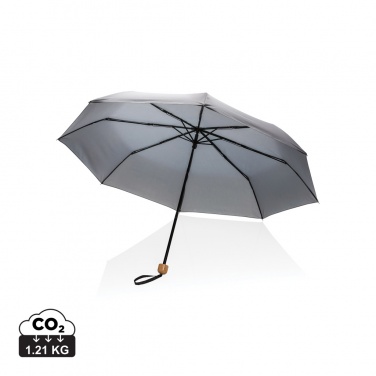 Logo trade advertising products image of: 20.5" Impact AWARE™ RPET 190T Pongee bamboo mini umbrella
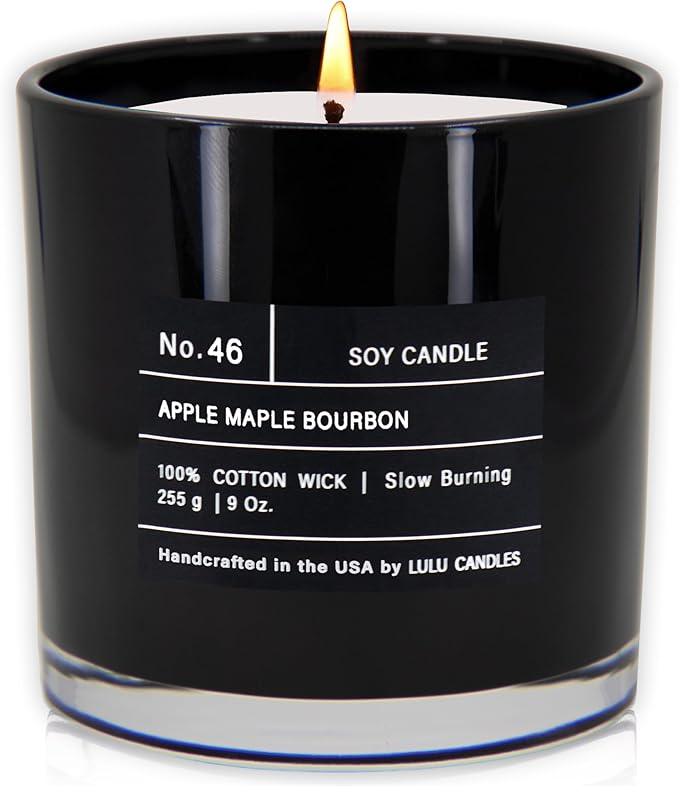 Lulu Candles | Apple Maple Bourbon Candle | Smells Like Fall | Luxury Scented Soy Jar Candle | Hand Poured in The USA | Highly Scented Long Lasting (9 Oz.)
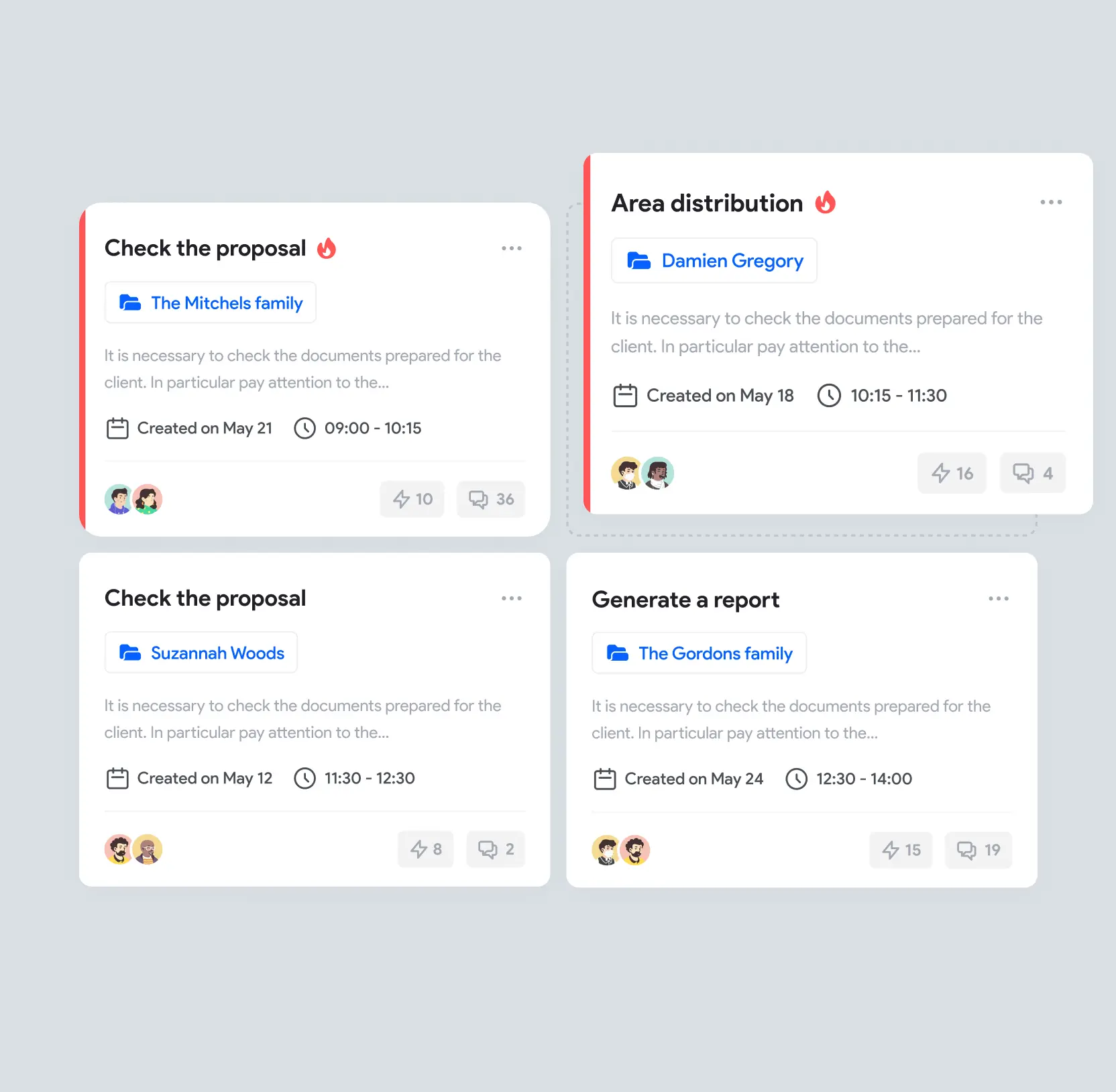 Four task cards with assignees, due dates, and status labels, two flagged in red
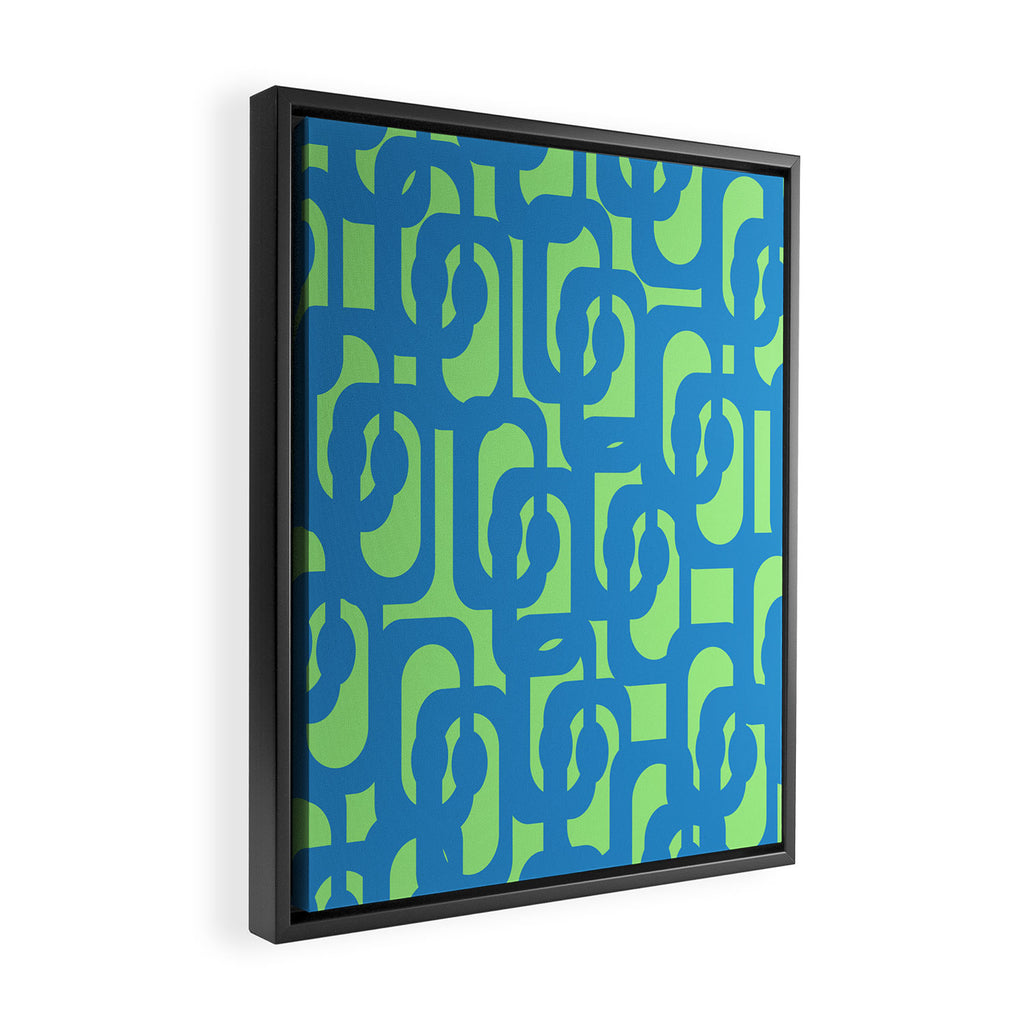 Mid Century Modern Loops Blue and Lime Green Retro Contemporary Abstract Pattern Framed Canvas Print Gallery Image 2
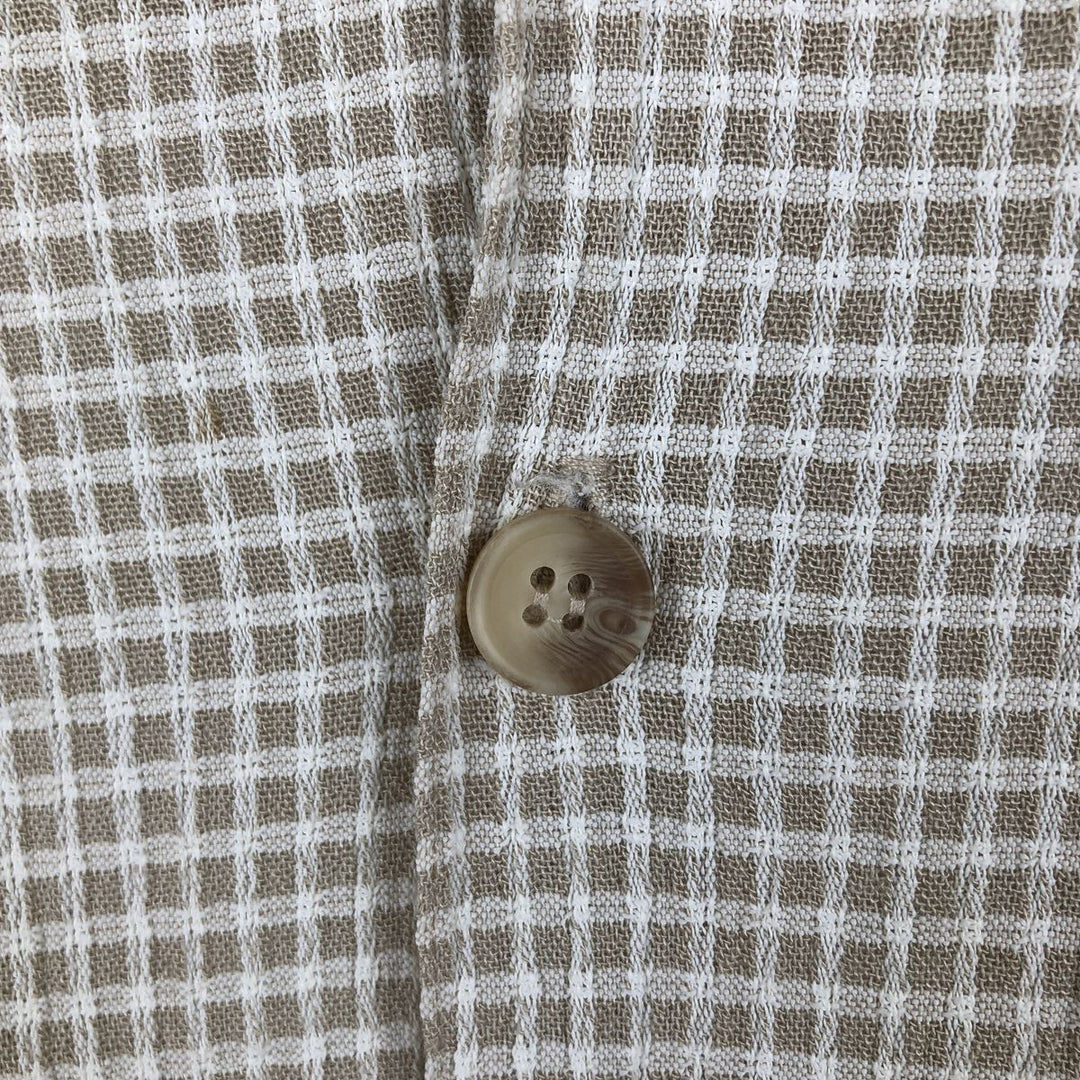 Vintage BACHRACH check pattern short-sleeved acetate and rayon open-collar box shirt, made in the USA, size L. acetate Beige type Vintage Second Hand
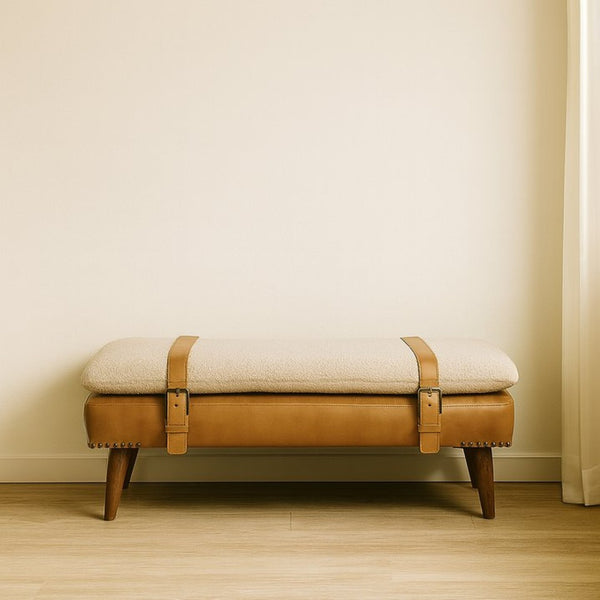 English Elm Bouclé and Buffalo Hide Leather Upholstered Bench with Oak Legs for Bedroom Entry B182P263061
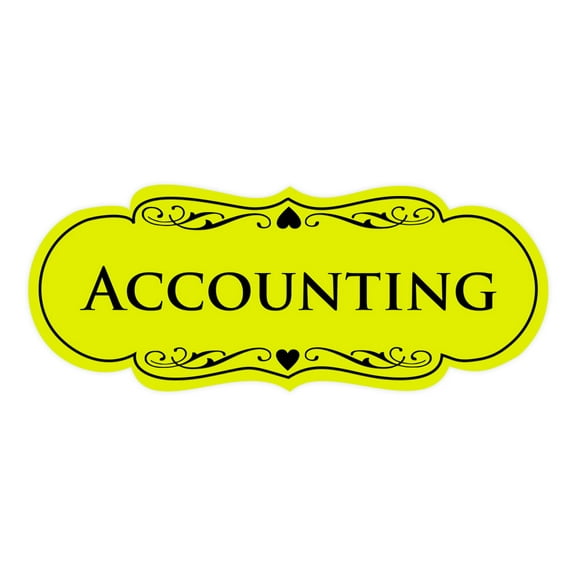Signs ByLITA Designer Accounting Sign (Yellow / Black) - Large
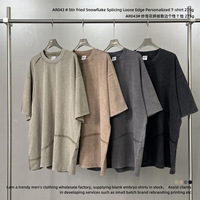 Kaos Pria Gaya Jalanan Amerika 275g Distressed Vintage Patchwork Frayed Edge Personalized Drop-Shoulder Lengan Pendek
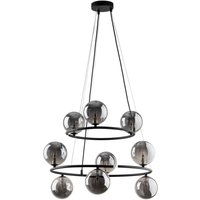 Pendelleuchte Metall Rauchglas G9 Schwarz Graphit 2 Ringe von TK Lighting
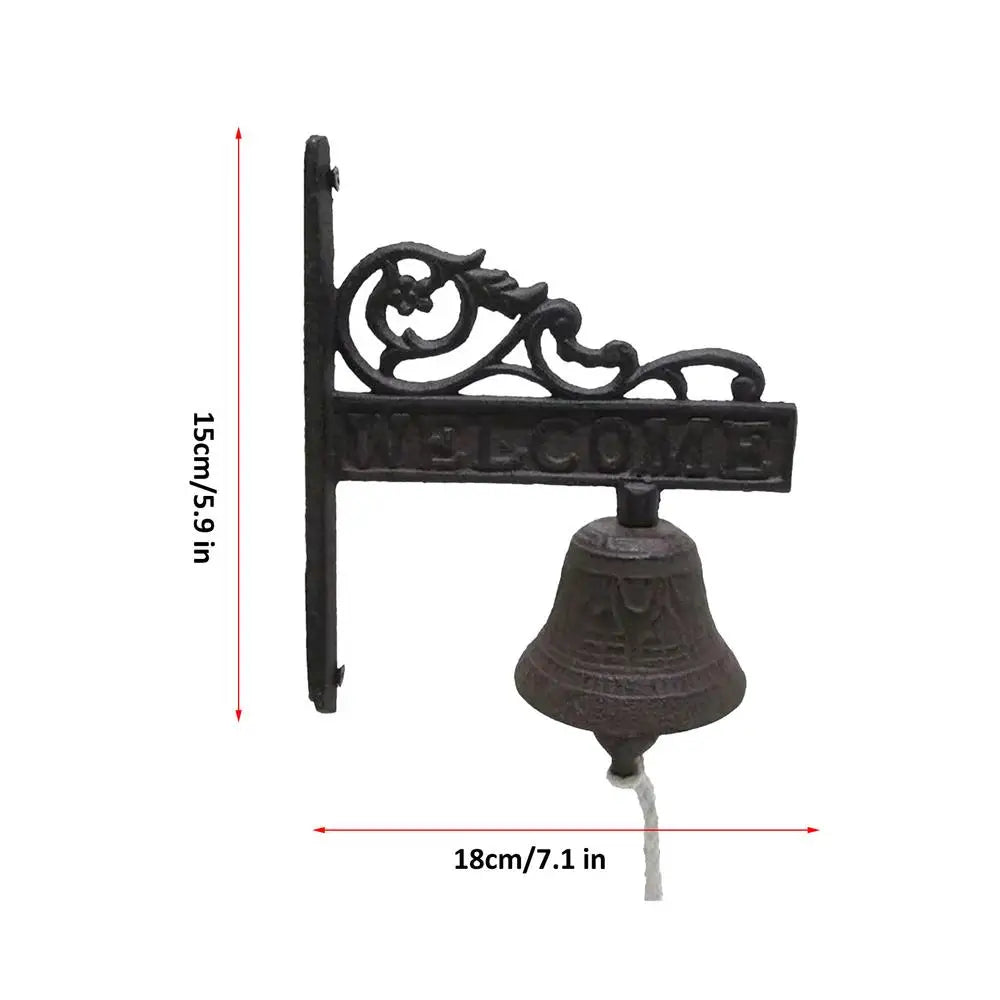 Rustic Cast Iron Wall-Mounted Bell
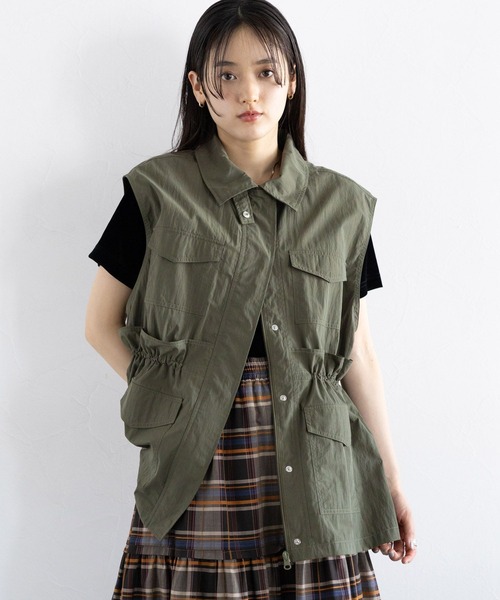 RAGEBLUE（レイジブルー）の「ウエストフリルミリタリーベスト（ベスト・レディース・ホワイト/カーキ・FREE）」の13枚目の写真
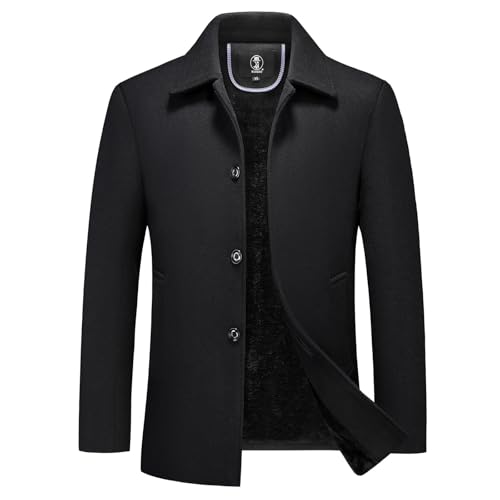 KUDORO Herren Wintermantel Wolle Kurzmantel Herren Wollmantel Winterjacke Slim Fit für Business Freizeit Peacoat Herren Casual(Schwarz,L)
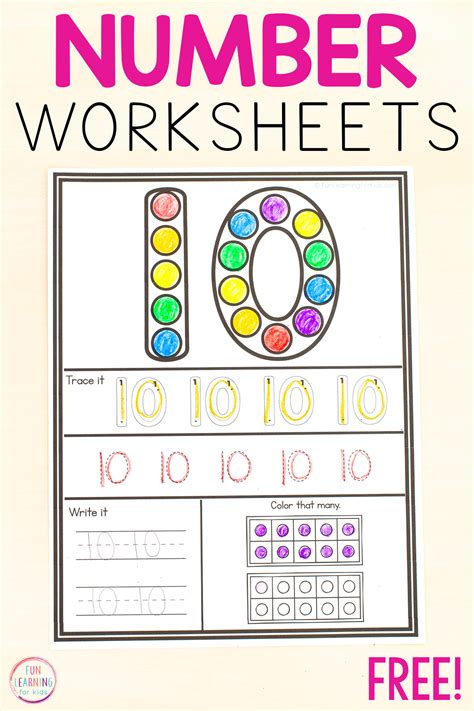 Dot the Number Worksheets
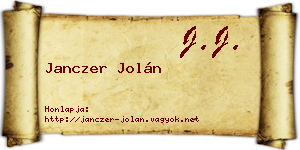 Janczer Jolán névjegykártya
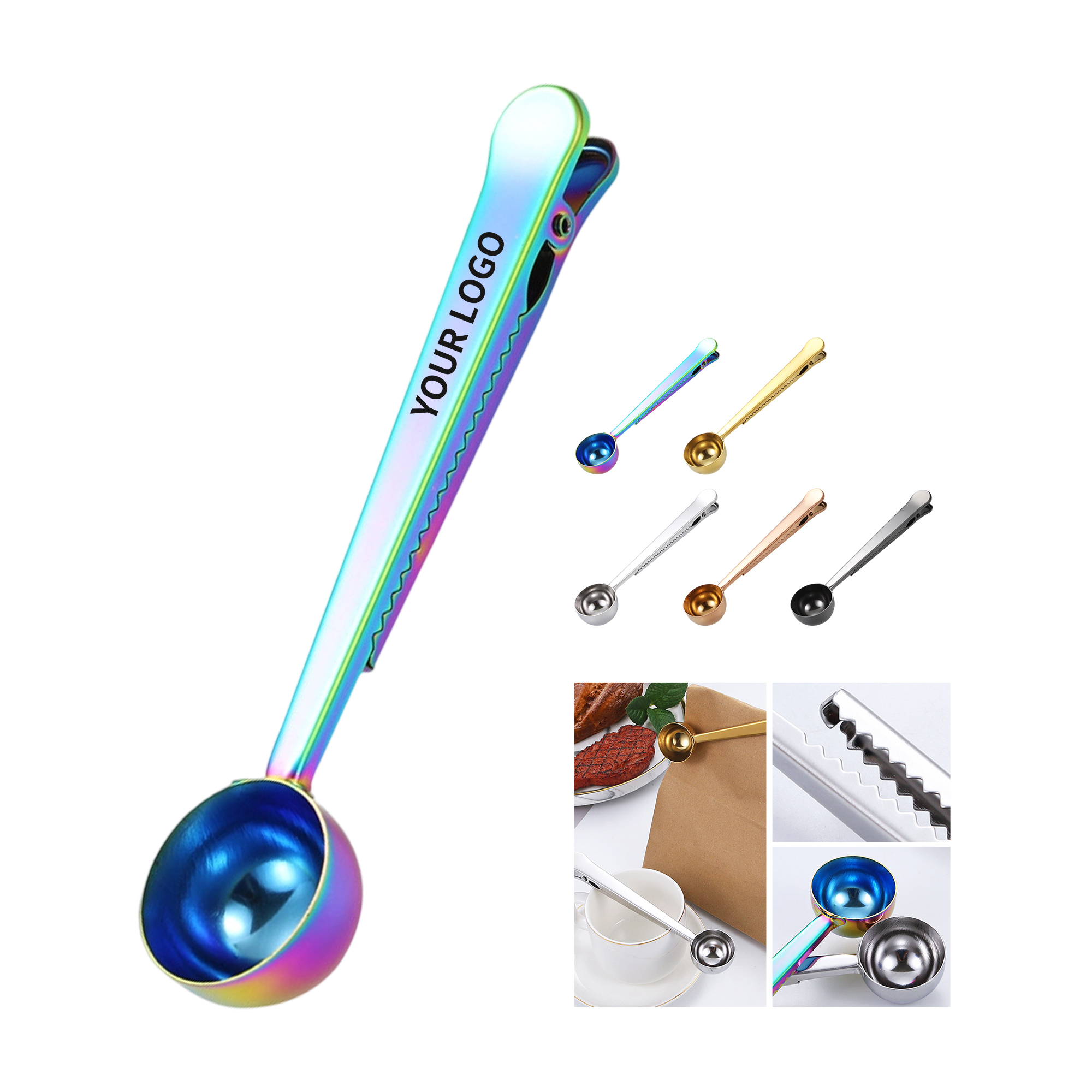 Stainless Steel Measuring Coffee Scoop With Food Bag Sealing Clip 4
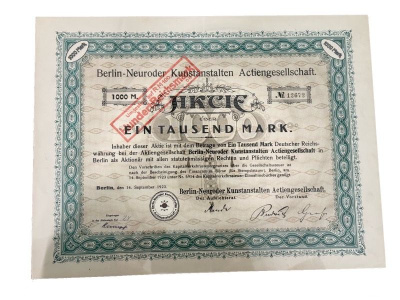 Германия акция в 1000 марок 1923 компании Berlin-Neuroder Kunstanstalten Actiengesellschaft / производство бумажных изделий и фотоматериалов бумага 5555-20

—————

_Work to be completed:_
Text only, no pictures: please print exactly the lines above from the line with "Lulu Candles |" up to and including the line with "Four task cards", and nothing else.

_Your response:_
 Lulu Candles | Apple Maple Bourbon Candle | Smells Like Fall | Luxury Scented Soy Jar Candle | Hand Poured in The USA | Highly Scented Long Lasting (9 Oz.)
 Four task cards with assignees, due dates, and status labels, two flagged in red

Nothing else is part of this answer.